## [Source data]
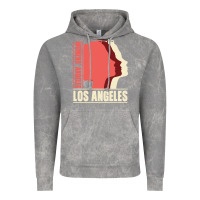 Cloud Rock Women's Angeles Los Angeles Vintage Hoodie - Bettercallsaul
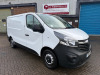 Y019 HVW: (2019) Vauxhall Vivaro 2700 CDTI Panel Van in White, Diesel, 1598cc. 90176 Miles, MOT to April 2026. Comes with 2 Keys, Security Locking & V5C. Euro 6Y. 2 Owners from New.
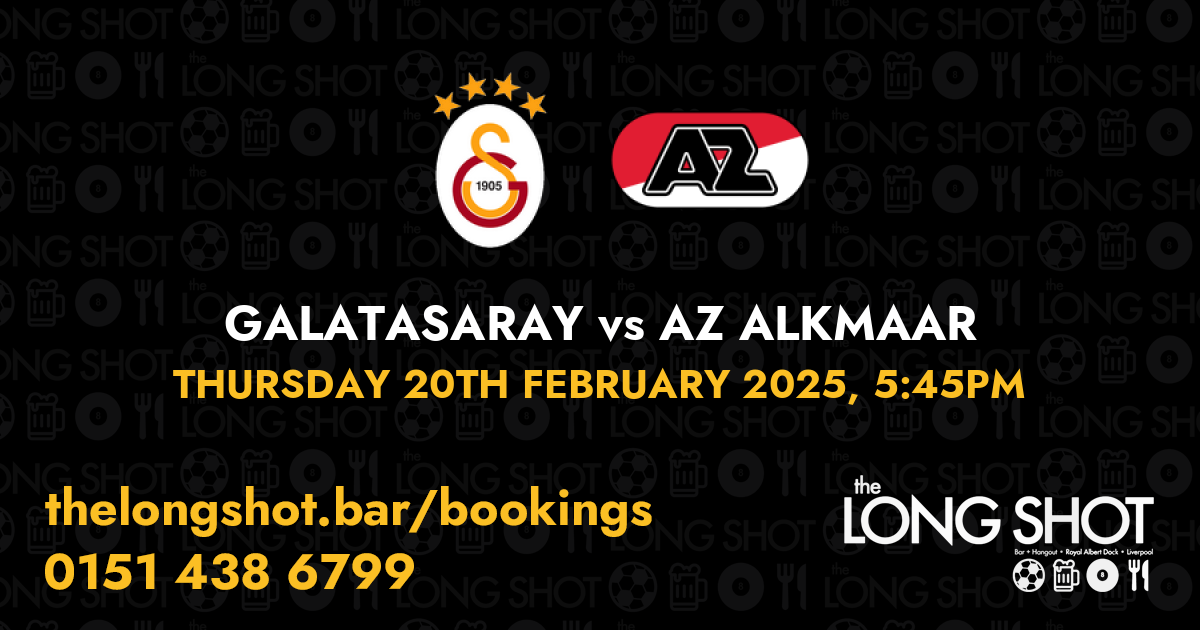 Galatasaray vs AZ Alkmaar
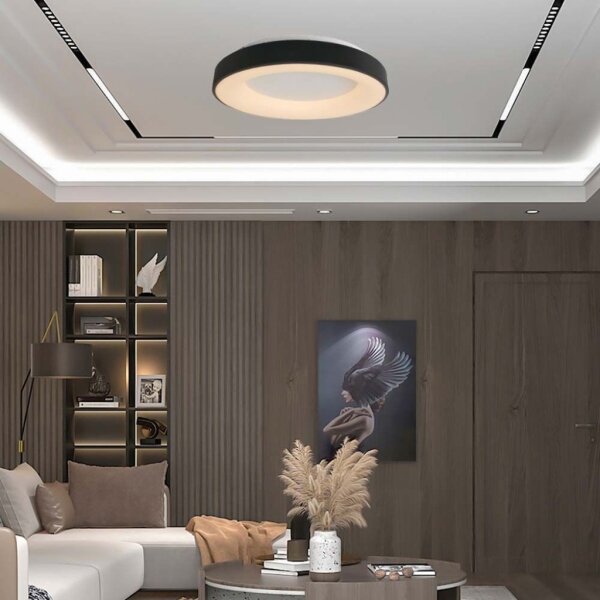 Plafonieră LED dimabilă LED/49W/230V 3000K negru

## [Activity]
The data is to be returned exactly as it stands, pictures aside.

## [Response below]
 Cloud Rock Women's Angeles Los Angeles Vintage Hoodie - Bettercallsaul
 Y019 HVW: (2019) Vauxhall Vivaro 2700 CDTI Panel Van in White, Diesel, 1598cc. 90176 Miles, MOT to April 2026. Comes with 2 Keys, Security Locking & V5C. Euro 6Y. 2 Owners from New.
 Galatasaray vs AZ Alkmaar
 Plafonieră LED dimabilă LED/49W/230V 3000K negru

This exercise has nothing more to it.